Hacker News new | ask | show | jobs
by koolba 1876 days ago
Sortable IDs have pleasant properties on insertion in traditional btree indexes as all the new values are on one edge of the tree. Truly random IDs end up with random I/O on the index tree.

With a database like postgres with full page writes enabled, it can blow out quite quickly at scale.

3 comments

Though something to point out that this project misses is that UUID sorting is its whole own weird can of worms. I just went through this exercise trying to get ULID to GUID conversion/round-tripping that matched MS SQL Server's GUID sort order in hopes for the benefits of those small, pleasant properties.

In short, because SQL Server's sort order is based on GUID/UUID v1, the "group" that matters most significantly for sort order (in SQL Server, but other GUID tools are different) is the tail 6 bytes (not the head bytes as these FUUIDs are using which would allow them to sort in unix sort in GUID form). (As the tail 6 bytes are the "machine ID" in v1 UUIDs.)

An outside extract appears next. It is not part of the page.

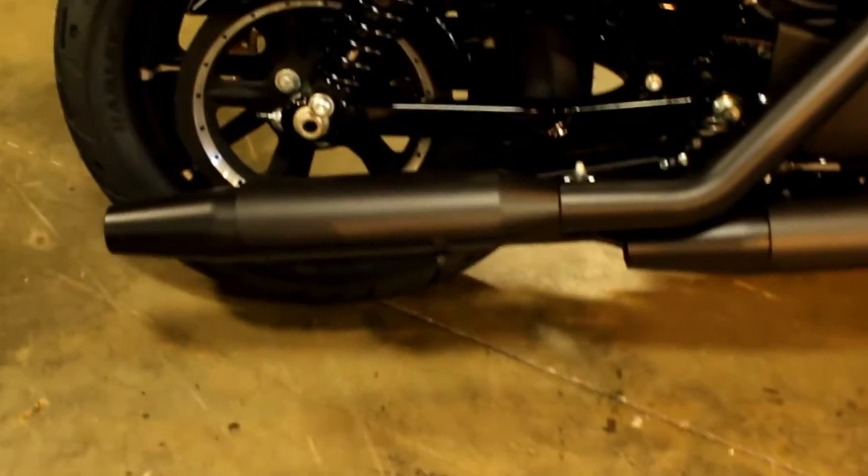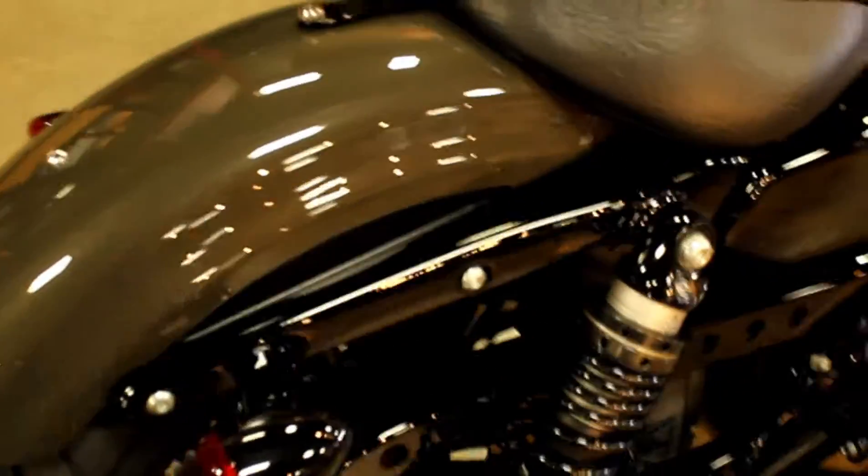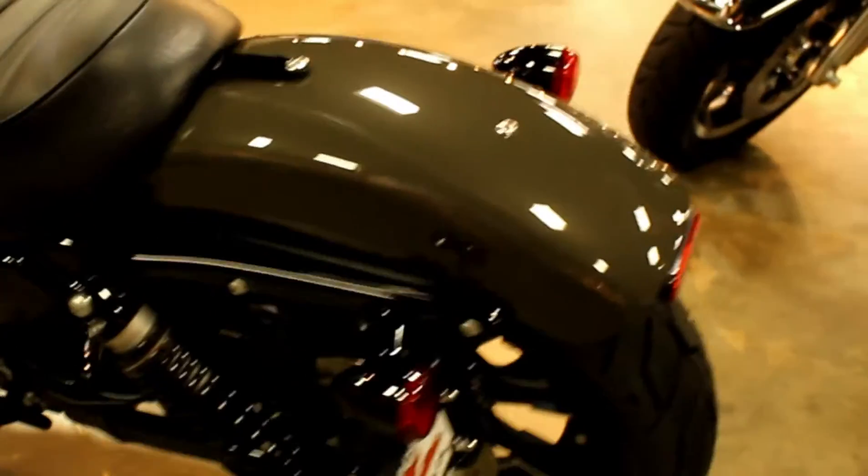In color industrial gray, we have a 2019 Harley-Davidson Sportster XL883N Sportster Iron. Great looking bike and a great way to get into a brand new Harley-Davidson product without spending a whole lot of money.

For anyone curious how deep (and which endian) the rabbit hole goes in GUID sorting, I kept referring to Raymond Chen's somewhat comprehensive description of GUID sort orders across Microsoft products in my efforts: https://devblogs.microsoft.com/oldnewthing/20190426-00/?p=10...

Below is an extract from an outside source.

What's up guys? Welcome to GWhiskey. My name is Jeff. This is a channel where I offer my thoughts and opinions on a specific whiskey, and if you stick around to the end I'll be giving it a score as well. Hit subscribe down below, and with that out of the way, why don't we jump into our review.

On the other hand, doesn’t that mean that a workload that inserts new sortable uuids would experience lots of contention, while one that inserts random uuids would better spread load? (This is probably more significant in a distributed database sharded by uuid, where this means all the write load is going to one shard at a time.)
It’s worse with clustered indexes — all of the data experiences this issue, not just the index.
At least in Postgres you have the advantage/disadvantage that real-time clustered tables aren't a feature on offer - so that re-clustering cost is eaten on a periodic basis whenever you invoke a re-cluster operation on the table in question.

Additionally re-reading things closely I believe this package wouldn't benefit databases at all since the "sortable" form appears to be the common string representation while postgres will internally store UUIDs (at least in a UUID column) as their binary values - leading to indexing still being out of order unless you specify a ::TEXT casting.